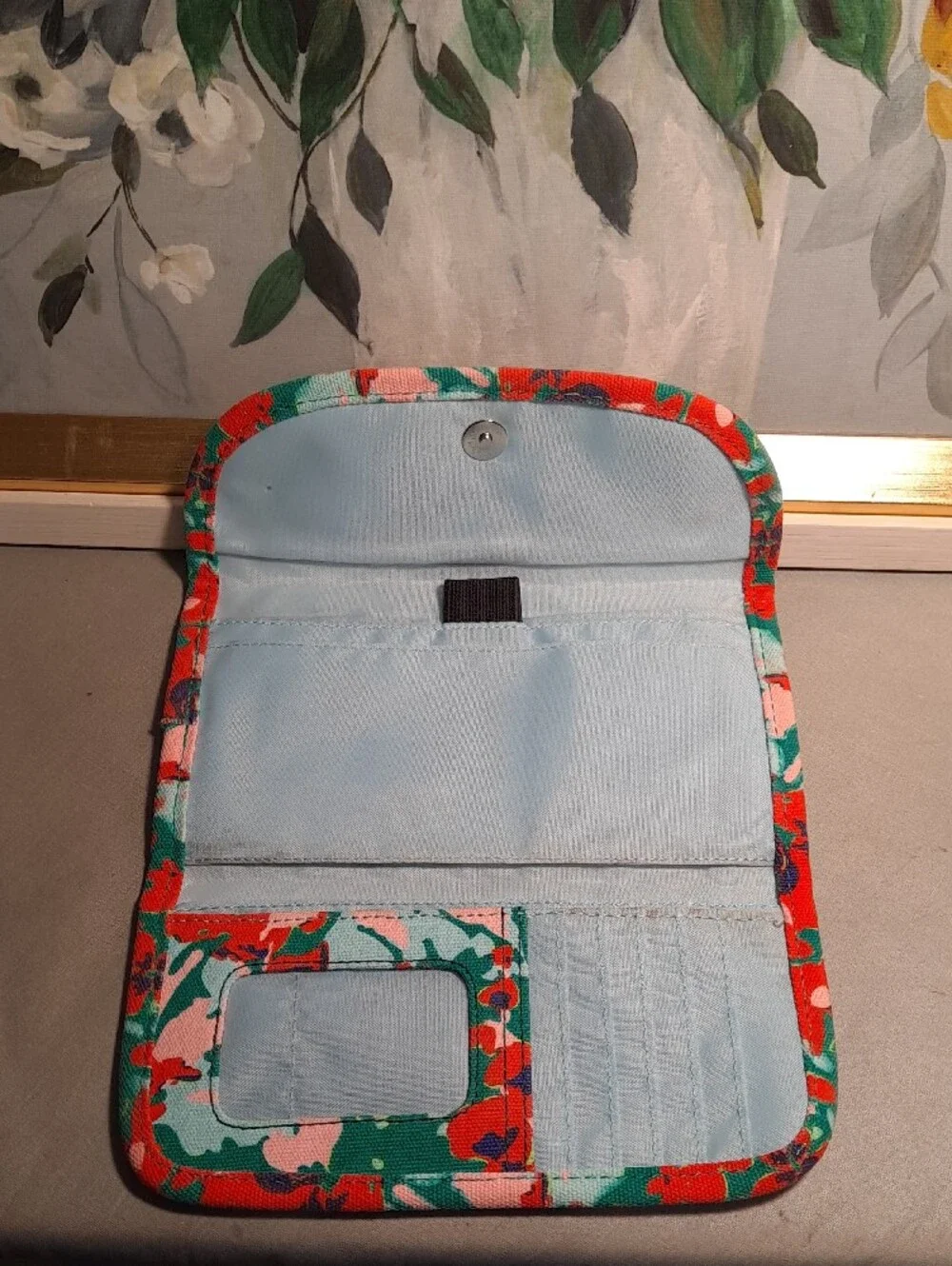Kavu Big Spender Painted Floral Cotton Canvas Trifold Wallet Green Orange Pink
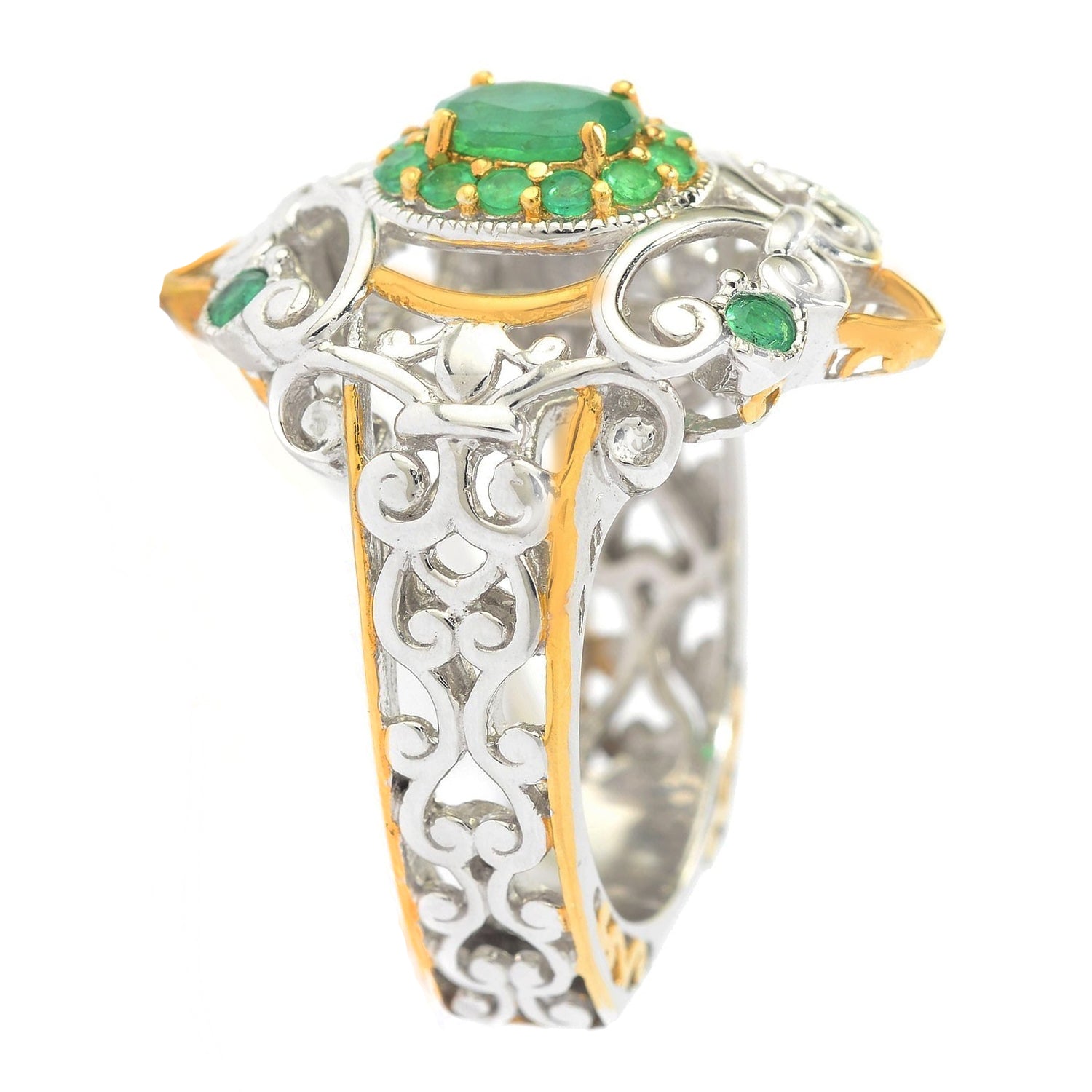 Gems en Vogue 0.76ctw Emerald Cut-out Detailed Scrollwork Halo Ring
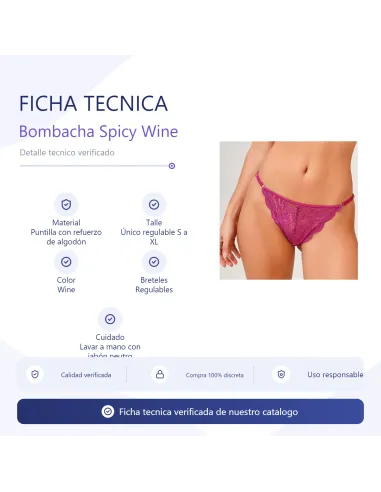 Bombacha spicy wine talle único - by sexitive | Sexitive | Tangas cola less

####################

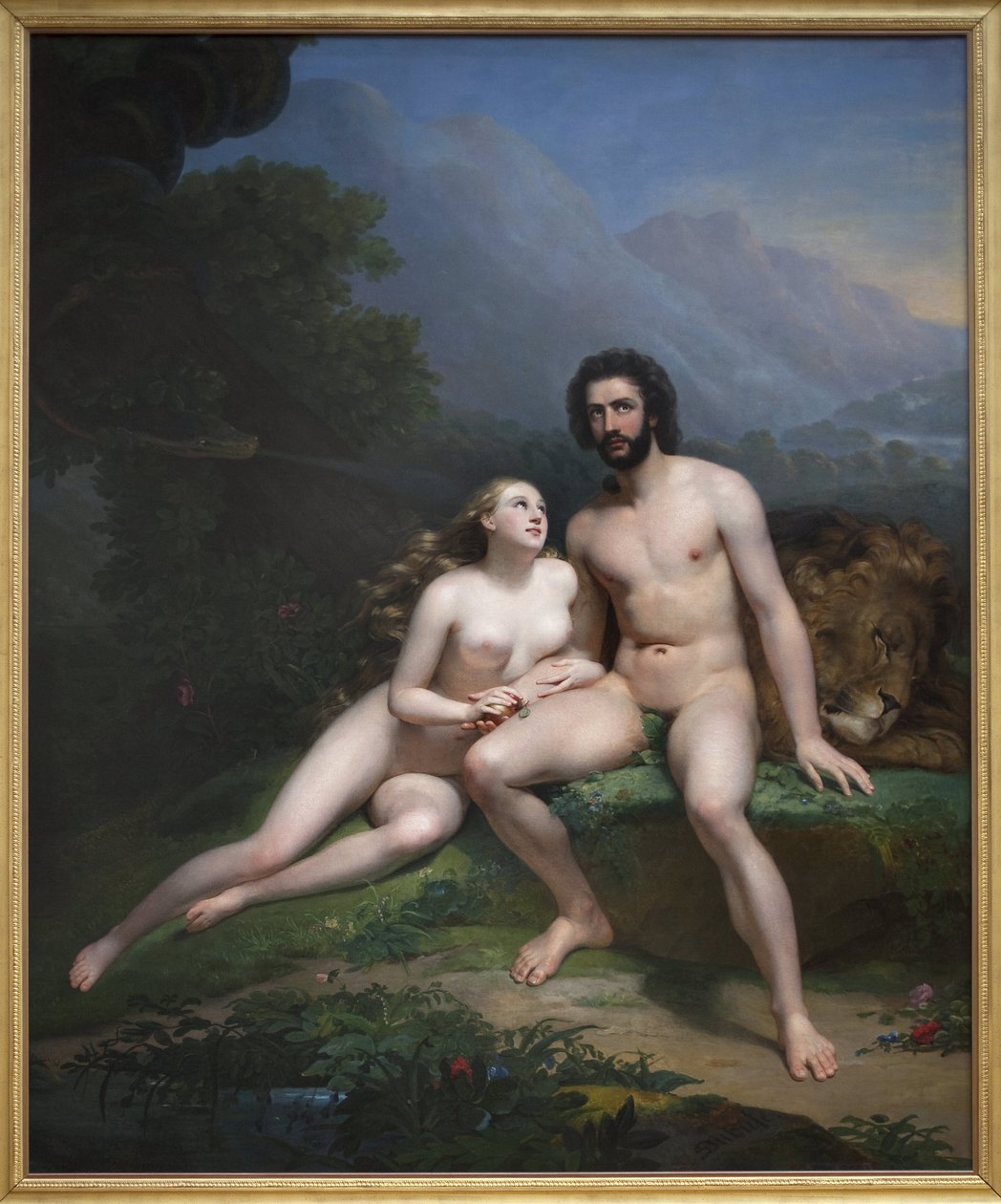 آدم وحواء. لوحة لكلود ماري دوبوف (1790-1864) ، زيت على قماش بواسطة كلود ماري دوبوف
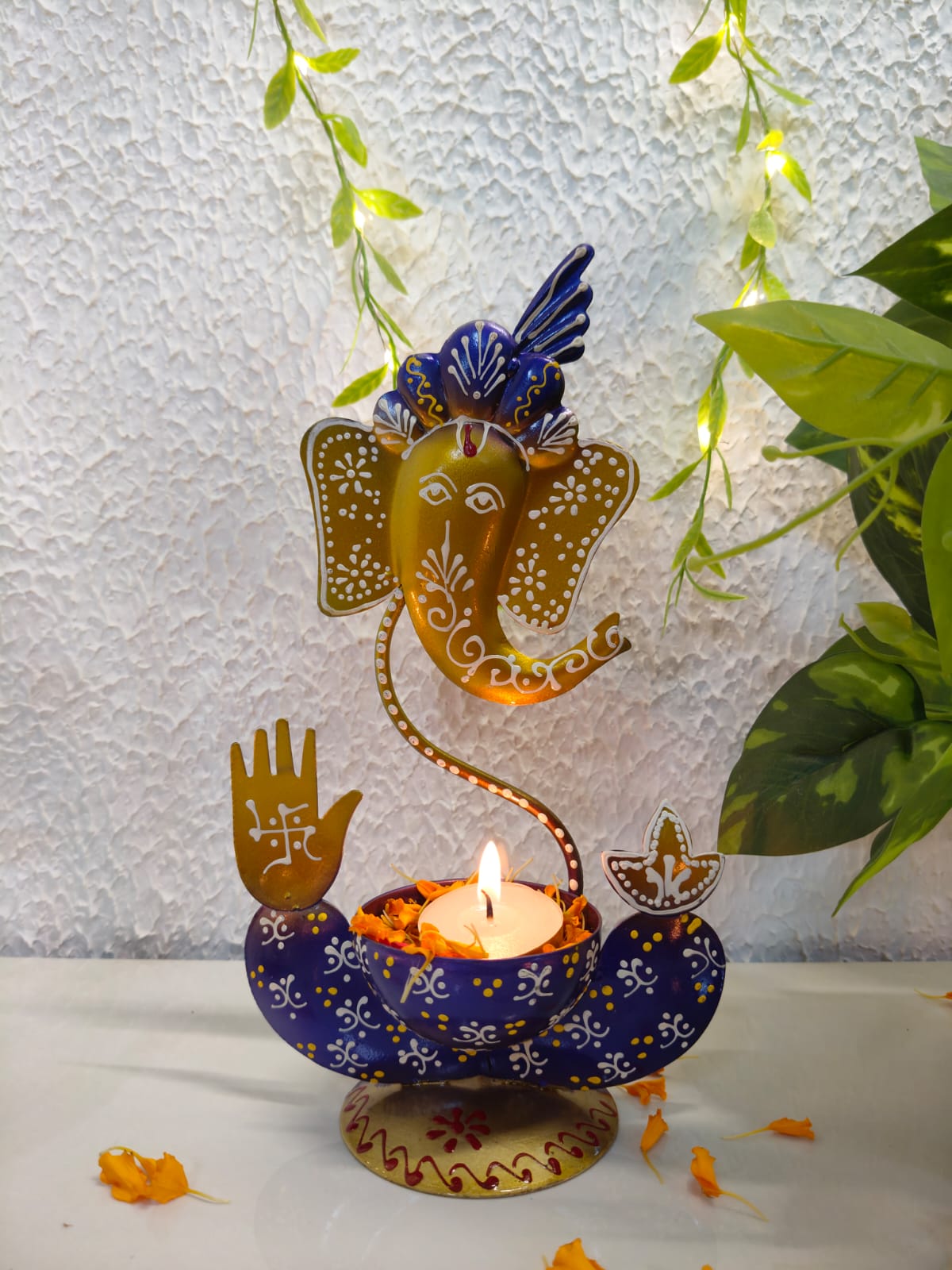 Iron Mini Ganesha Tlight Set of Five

####################

# WORK TO COMPLETE
The answer must be the lines above from the one containing "آدم وحواء. لوحة" through the one containing "Iron Mini Ganesha Tlight Set of Five", reproduced exactly, with no pictures and nothing else.

# EXERCISE RESPONSE
 آدم وحواء. لوحة لكلود ماري دوبوف (1790-1864) ، زيت على قماش بواسطة كلود ماري دوبوف
 Iron Mini Ganesha Tlight Set of Five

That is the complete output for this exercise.